News aus der Stadt Roding
Mit Notgroschen Schule gebaut
Erste Schulbildung in Roding – nur für Buben
1580 wird erstmals von einer Rodinger Schule nur für Buben berichtet. Eine Schule für Mädchen gab es damals noch nicht. Mit dem Bau einer Mädchenschule neben der Pfarrkirche wurde 1855 begonnen und 1862 vollendet. Den Unterricht übernahm der Orden der Armen Schulschwestern. Das Mädchenschulhaus erhielt einen gesonderten Übergang vom ersten Stock des Klosters zum Oratorium der Kirche (Man wollte den Schwestern nicht zumuten, sich zwischen den vielen jungen Männern durchzwängen zu müssen, die an Sonn- und Feiertagen bei der Kirchentüre standen)
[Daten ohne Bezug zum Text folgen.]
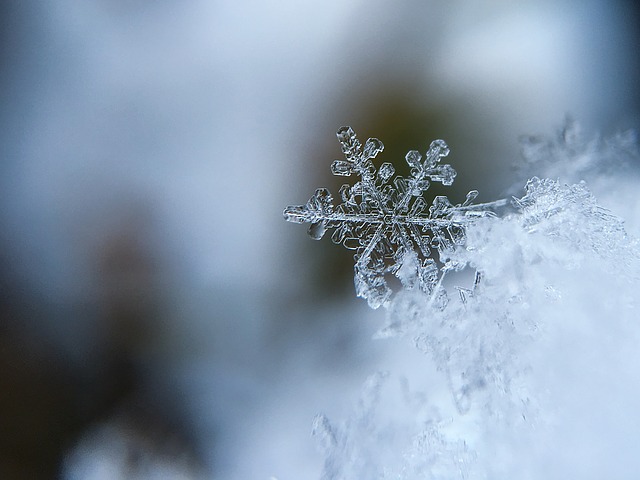 White Snow Flake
Baufälligkeit des Mädchenschulhauses und Sperrung (1955)
Das Landratsamt Roding stellte bei einer Besichtigung des Mädchenschulhauses im Herbst 1955 fest, dass die Decke zwischen Erd- und ersten Obergeschoss derartig morsch sei, dass sie einzustürzen drohe. Diesen Sachverhalt teilte das Landratsamt der Stadt Roding mit Schreiben vom 25. Oktober 1955 mit und untersagte eine weitere Benutzung des im Untergeschoss liegenden Schulsaales.
Entscheidung für einen Neubau der Mädchenschule
Auf Grund des schlechten baulichen Zustands des Schulgebäudes wurde beschlossen, eine neue Mädchenschule zu bauen. Die Baukosten sollten sich laut Finanzierungsplan des Stadtrates auf rund 550.000,--DM belaufen (Im Vergleich zu den jetzigen Kosten eines Schulhausneubaus „Peanuts“).
Finanzierung durch eine kommunale Sonderabgabe („Notgroschen“)
Da die Stadt aber selbst bei der Finanzierung dieser Summe Schwierigkeiten hatte, genehmigte der Stadtrat in seiner Sitzung vom 18.06.1956 eine Satzung „Über die Erhebung eines Notgroschens“ auf Grund Art. 1 des Gemeindeabgabengesetzes vom 20. Juli 1938. Damit sollte auf die Eintrittspreise aller vergnügungssteuerpflichtigen Veranstaltungen in Roding ein Notgroschen den Eintrittspreisen zugeschlagen werden. Der Erlös aus dieser zusätzlichen Steuer sollte zum Schulhausbau verwendet werden („Not macht erfinderisch“).